A side wall of the case 31 is provided with an ink inlet 34 through which the ink flows into the pressure chamber 33. The ink inlet 34 may be located at any position as long as the ink inlet 34 is in communication with the pressure chamber 33. The ink is supplied to the pressure chamber 33 from the associated ink cartridge 21 through the ink inlet 34, so that a predetermined amount of the ink is temporarily stored in the pressure chamber 33. The nozzle 35 is provided in a lower surface 31b of the case 31. The nozzle 35 is in communication with the pressure chamber 33. The nozzle 35 discharges droplets (i.e., ink droplets) onto the recording paper 5. The liquid level (i.e., the free surface) of the ink in the nozzle 35 forms a meniscus 35a.

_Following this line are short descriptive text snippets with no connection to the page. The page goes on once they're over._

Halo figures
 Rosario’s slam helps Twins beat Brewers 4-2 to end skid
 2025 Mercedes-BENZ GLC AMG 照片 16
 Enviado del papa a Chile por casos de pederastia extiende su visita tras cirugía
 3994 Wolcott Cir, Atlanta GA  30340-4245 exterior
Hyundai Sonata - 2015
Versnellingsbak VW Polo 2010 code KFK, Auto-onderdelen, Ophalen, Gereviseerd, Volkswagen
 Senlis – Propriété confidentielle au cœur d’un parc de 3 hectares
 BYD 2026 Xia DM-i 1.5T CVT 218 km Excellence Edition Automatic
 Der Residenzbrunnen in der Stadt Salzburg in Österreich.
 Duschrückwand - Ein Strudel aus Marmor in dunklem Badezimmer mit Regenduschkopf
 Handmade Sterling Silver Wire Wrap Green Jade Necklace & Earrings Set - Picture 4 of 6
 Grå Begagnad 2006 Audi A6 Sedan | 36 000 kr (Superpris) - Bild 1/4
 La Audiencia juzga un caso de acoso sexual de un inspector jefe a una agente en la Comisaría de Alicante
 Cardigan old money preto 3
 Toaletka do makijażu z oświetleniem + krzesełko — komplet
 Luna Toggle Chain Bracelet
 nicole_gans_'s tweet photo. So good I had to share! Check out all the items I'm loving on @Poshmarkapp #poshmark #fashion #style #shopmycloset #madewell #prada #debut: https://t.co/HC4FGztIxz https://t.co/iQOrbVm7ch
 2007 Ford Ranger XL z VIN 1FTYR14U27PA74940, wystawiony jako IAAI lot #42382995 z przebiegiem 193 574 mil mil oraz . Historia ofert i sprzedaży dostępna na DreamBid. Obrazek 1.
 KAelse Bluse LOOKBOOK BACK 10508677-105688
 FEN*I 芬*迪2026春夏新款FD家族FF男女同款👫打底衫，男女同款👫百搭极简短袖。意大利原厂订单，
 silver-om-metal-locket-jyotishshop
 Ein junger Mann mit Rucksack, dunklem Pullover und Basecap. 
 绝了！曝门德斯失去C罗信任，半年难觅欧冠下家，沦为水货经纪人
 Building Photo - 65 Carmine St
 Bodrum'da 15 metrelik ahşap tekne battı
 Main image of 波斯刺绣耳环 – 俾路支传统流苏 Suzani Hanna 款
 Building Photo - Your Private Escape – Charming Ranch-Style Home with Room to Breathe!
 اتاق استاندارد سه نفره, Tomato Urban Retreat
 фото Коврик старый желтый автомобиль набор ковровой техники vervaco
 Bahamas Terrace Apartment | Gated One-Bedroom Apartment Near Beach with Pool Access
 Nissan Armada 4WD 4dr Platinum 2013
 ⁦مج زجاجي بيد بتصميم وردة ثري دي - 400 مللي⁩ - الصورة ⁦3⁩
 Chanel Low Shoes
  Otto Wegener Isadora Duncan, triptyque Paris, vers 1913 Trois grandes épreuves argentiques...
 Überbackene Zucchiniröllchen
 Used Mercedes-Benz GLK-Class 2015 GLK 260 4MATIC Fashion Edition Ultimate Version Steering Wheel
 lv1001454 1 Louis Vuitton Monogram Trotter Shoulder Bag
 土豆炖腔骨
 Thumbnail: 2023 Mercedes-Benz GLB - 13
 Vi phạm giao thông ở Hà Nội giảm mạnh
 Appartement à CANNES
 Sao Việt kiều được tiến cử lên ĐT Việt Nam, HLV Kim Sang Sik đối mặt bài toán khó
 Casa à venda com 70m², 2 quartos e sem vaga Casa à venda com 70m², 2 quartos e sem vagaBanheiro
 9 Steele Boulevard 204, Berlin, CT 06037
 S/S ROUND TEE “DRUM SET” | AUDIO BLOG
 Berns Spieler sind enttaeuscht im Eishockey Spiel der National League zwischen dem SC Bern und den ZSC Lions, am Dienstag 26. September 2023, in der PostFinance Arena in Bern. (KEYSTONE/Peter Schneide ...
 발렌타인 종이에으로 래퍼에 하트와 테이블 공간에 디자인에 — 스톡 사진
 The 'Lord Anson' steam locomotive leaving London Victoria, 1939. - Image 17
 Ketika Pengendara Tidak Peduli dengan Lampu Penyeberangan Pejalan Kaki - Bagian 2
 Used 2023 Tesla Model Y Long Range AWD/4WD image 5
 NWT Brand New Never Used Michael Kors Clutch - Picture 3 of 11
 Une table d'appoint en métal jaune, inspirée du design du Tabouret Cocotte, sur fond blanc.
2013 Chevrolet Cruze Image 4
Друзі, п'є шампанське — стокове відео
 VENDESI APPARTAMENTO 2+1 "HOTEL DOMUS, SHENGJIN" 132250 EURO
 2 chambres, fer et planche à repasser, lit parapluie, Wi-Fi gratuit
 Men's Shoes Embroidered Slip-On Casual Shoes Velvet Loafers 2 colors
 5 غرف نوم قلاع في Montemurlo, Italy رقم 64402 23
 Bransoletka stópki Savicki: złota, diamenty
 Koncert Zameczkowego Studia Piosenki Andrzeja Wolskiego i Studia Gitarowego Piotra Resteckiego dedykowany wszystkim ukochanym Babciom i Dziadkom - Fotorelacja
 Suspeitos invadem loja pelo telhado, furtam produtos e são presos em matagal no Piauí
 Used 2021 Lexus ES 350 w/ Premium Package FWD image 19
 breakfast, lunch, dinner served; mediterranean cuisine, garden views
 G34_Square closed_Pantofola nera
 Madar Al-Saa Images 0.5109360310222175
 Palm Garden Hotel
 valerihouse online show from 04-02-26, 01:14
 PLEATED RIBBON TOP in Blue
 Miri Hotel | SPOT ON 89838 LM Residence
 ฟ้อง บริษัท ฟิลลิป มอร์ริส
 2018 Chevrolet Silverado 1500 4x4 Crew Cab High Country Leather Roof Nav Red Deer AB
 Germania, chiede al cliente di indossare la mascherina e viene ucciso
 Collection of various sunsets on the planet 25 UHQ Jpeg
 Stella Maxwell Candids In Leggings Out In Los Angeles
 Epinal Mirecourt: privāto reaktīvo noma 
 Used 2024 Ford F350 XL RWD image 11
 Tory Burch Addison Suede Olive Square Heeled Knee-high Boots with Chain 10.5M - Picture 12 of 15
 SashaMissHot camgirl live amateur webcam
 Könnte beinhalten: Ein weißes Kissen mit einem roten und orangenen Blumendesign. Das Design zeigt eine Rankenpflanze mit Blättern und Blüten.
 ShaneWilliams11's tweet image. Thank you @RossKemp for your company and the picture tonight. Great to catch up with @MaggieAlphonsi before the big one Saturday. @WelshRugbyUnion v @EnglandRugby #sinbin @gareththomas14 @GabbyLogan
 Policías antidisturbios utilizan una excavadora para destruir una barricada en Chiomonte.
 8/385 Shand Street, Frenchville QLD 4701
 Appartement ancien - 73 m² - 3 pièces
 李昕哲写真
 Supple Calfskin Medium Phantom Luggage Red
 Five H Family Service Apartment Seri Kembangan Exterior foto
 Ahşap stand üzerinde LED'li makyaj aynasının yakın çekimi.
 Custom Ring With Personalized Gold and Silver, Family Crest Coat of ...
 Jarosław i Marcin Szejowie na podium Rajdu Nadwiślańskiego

A Helmholtz characteristic vibration period Tc is set for the pressure chamber 33. The Helmholtz characteristic vibration period Tc is uniquely determined on the basis of, for example, the materials, sizes, shapes, and locations of components of the pressure chamber 33 (such as the case 31 and the defining plate 32), the area of opening of each nozzle 35, and properties (e.g., viscosity) of the ink. The Helmholtz characteristic vibration period Tc is a vibration period specific to each discharge head 25 during ink discharge. The Helmholtz characteristic vibration period Tc is, for example, a vibration period of a few or several microseconds to a few or several tens of microseconds. In one example, the Helmholtz characteristic vibration period Tc is a vibration period of about six microseconds. After ink droplets are discharged, residual vibration occurs in the pressure chamber 33 for the vibration period.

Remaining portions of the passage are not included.